One of the foundations of this recovery was the adoption of a new drill manual, Colonel David Dundas’s Principles of Military Movement, published in 1788. Prior to Dundas’s work the army lacked a uniform approach to tactical training. Regiments on colonial service were frequently divided into smaller units and they became inward-looking, all regimental affairs determined by the whim of the colonel. Soldiers at home were also widely dispersed in billets and distracted by their policing duties. This lack of a coherent approach was potentially exacerbated by the views of the ‘American School’ of officers who, heavily influenced by the American War, believed in a shallow two-deep line with an emphasis on skirmishing and light infantry tactics. Dundas had little faith in the American experience and his tactical manual espoused the methods of the ‘Prussian School’ with a three-deep line and well practised manoeuvres designed to resist cavalry and deliver shock.
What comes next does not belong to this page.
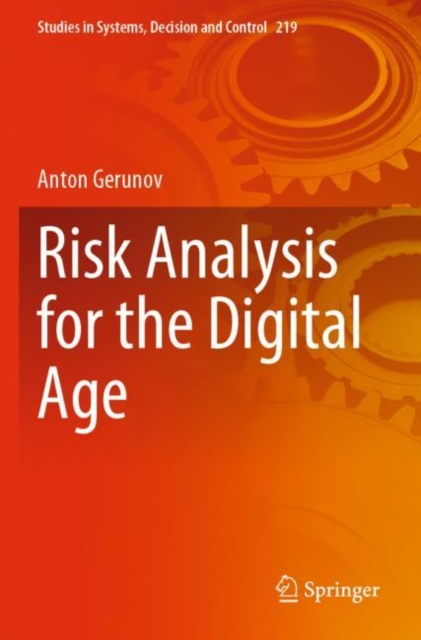 Risk Analysis for the Digital Age, Paperback / softback Book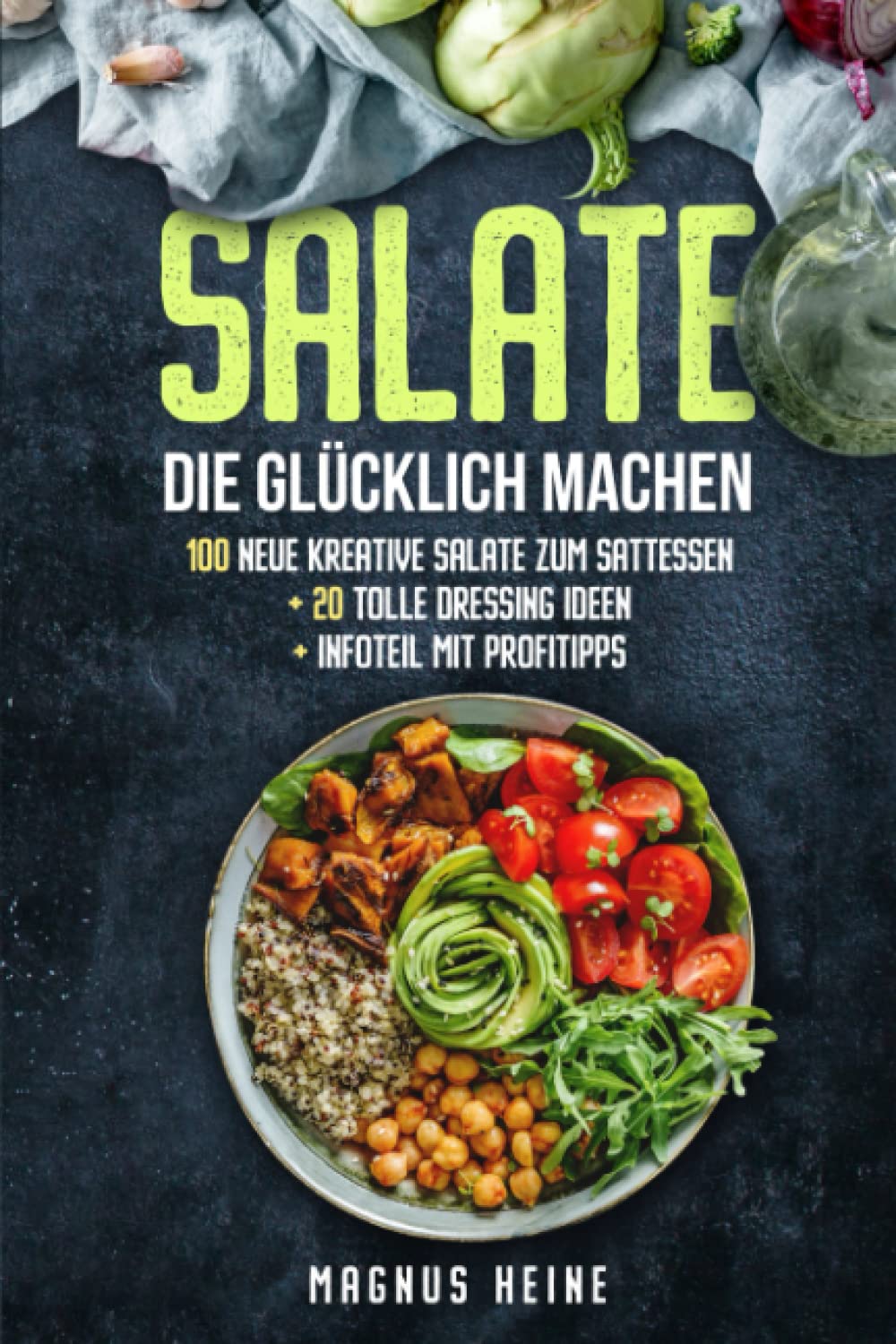 Salate die glücklich machen: 100 kreative, leckere und gesunde Salate zum Sattessen. Plus 20 köstliche Dressings zum Genießen und Verlieben. Moderne, vielfältige Salatvariationen für jeden Anlass Leisure, Home & Garden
Wellington once commented that in the British army new regulations were read in the manner of an ‘amusing novel’, but the Duke of York overcame resistance and ensured the necessary uniformity. It must be understood that this took time and that, as will be discussed in a later chapter, the jungles and mountains of the Caribbean campaigns were more suited to the flexibility of the American system than the rigidity of the German approach. In the Peninsula, Wellington won his battles by combing the close-order battle drill of one system and the skirmishing light infantry of the other.
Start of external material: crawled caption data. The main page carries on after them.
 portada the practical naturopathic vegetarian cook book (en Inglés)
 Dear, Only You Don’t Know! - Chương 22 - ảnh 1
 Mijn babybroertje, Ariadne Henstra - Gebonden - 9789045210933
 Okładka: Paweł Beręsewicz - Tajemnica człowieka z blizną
The army officers of the period are too easily stereotyped as underachievers who bought their rank; some two-thirds of the commissions held in the British army were purchased. They were, admittedly, drawn disproportionately from the aristocratic, professional and landed classes and would have had to be regarded as ‘gentlemen’. However, significant numbers were of relatively modest origins and many had entered the service for life and had risen through steady and competent service. Some were ignorant of military matters but, as Bunbury points out, in the campaigns of the 1790s there was ‘no lack of gallantry’ among the officer class. The gentlemanly ideals of toughness, stoicism, fortitude and honour were well suited to the battlefield.3
The greatest challenge for the army was recruitment. The essential problem was that there were too few recruits to bring the force up to full strength and too many recruits in the serving army. By ‘recruits’ we mean soldiers with one year’s service or less. Methods of recruitment included voluntary enlistment and coercion. The former accounted for the majority of recruits; often men were captured by the recruiting parties who toured likely areas ‘beating up’ for volunteers. The demand for new blood was relentless. Between the mideighteenth century and 1795, the erosive effect of deaths, discharges, drafts and desertion and the need for periodic top ups meant that foot regiments had to recruit 1.5% of their strength every month in peacetime and just over 2% in wartime.
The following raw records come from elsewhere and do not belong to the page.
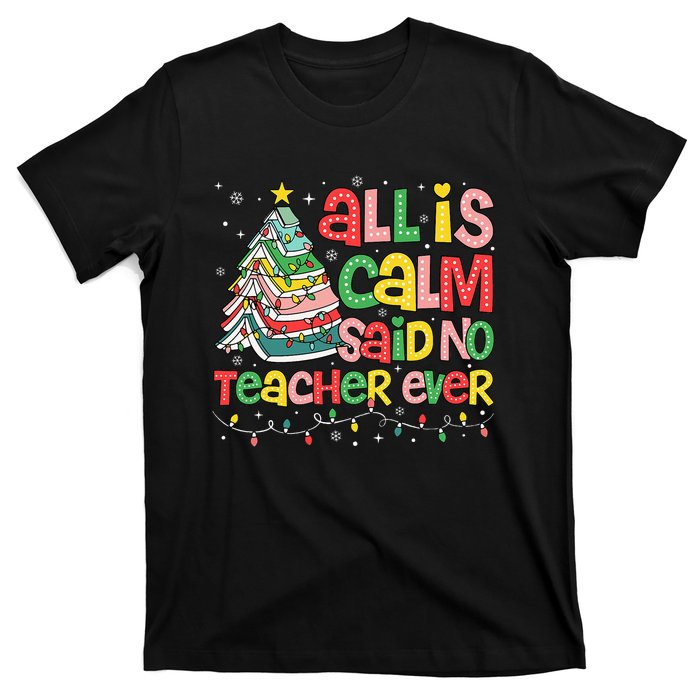 All Is Calm Said No Teacher Ever Funny Book Christmas Tree T-Shirt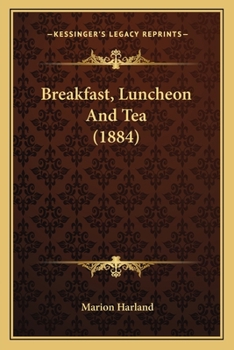 Paperback Breakfast, Luncheon And Tea (1884) Book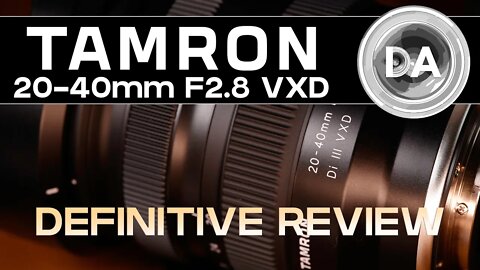 Tamron 20-40mm F2.8 VXD Definitive Review | DA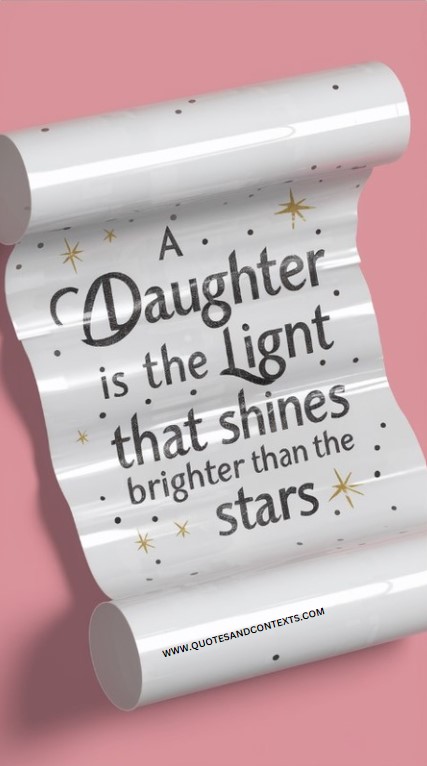 A daughter is the light that shines brighter than the stars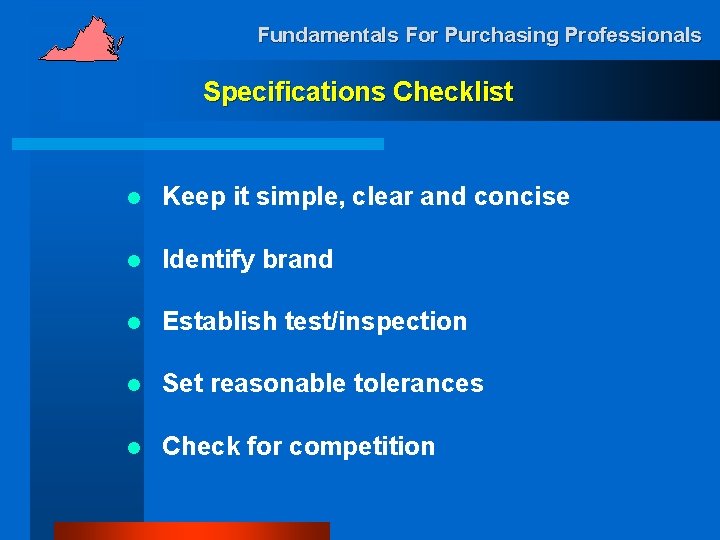 Fundamentals For Purchasing Professionals Specifications Checklist l Keep it simple, clear and concise l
The difficulties this posed are most clearly exposed at regimental level. Historian Roger Norman Buckley quotes the case of the 68th Regiment, which suffered heavy losses in the West Indies between 1794 and 1796. The few remaining fit men were drafted into another regiment and the beleaguered unit arrived back in England in September 1796 with only ten officers and twenty-seven other ranks. Despite the efforts of 13 beating up parties the regiment was still 955 men short of its establishment of 1,000 rank and file in March 1797 and it did not start to recover until 1800.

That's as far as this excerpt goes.